UFO Sightings Reporting FBI Files
$5.90
Description
FBI Files on UFO Sightings
This compilation consists of 1,788 pages.
FBI Documentation from 1947 to 1954
The documents in this collection outline the FBI’s involvement in the investigation of UFO sightings reported between 1947 and 1954. It includes 1,616 pages of files obtained from FBI Headquarters in Washington, D.C., which detail various reported instances of unidentified or unexplained flying objects. In 1947, numerous reports were submitted to the FBI, prompting interest in interviewing military personnel, particularly those from the Air Force, who had witnessed these phenomena.
The FBI received a significant number of reports and collaborated with the Air Force for a period to investigate these occurrences. The files encompass a diverse range of reported sightings, including multiple eyewitness accounts of a flying object in Philadelphia, a Navy pilot’s observation of a UFO over Myrtle Creek, Oregon, and even a report of a silver-painted cardboard box.
FBI Files on Project Blue Book (File Number 62 – 83894)
This section contains 13 pages of FBI documentation dated from 1977 to 1989, summarizing the establishment and eventual disbandment of Project Blue Book.
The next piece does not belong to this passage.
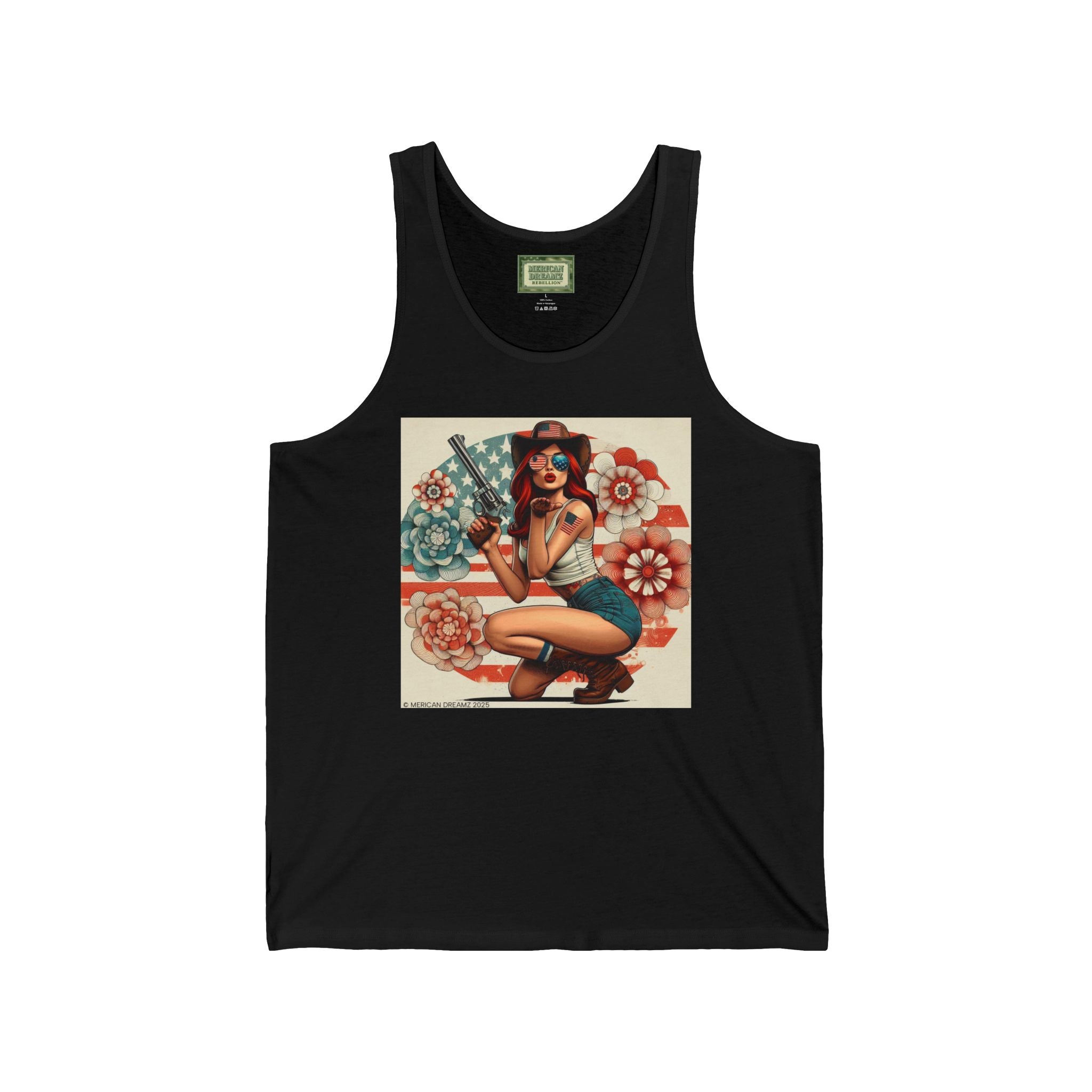 Patriotic Pin-Up Tank Top — Vintage American Flag Girl Graphic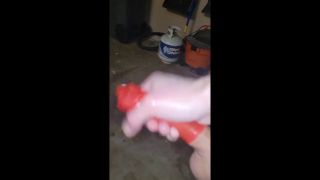 Blue_eye_boyCB - Loud moaning while jerking off into a condom in the garage! Risky noisy masturbating boy solo!-9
This project was the United States Air Force’s systematic examination of unidentified flying objects, conducted from March 1952 until its conclusion on December 17, 1969.
FBI Files on the National Investigations Committee on Aerial Phenomena
This collection comprises 81 pages of FBI files containing various information regarding a private organization known as the National Investigations Committee on Aerial Phenomena (NICAP). Founded in the 1950s, NICAP aimed to investigate UFO sightings. Between 1957 and 1969, NICAP and its members maintained periodic communication with the FBI, and this collection includes that correspondence.
FBI Files on Silas M. Newton
This collection features 77 pages of FBI files detailing investigations into Silas Newton’s fraudulent activities from 1951 to 1970. Newton (1887-1972) was a well-known oil producer and infamous con artist who claimed to have developed a device capable of detecting minerals and oil. He was referenced as an expert in Frank Scully’s book Behind the Flying Saucers, which alleged to document several UFO crashes in New Mexico. In 1950, Newton claimed that a flying saucer had crashed on property he leased in the Mojave Desert; however, he later retracted this statement in 1952, admitting he had never seen a flying saucer himself and had only repeated hearsay.
FBI Memo on the Roswell, New Mexico UFO Incident
On July 8, 1947, the FBI’s Dallas Field Office transmitted a teletype concerning a flying disc that resembled a high-altitude weather balloon discovered near Roswell, New Mexico.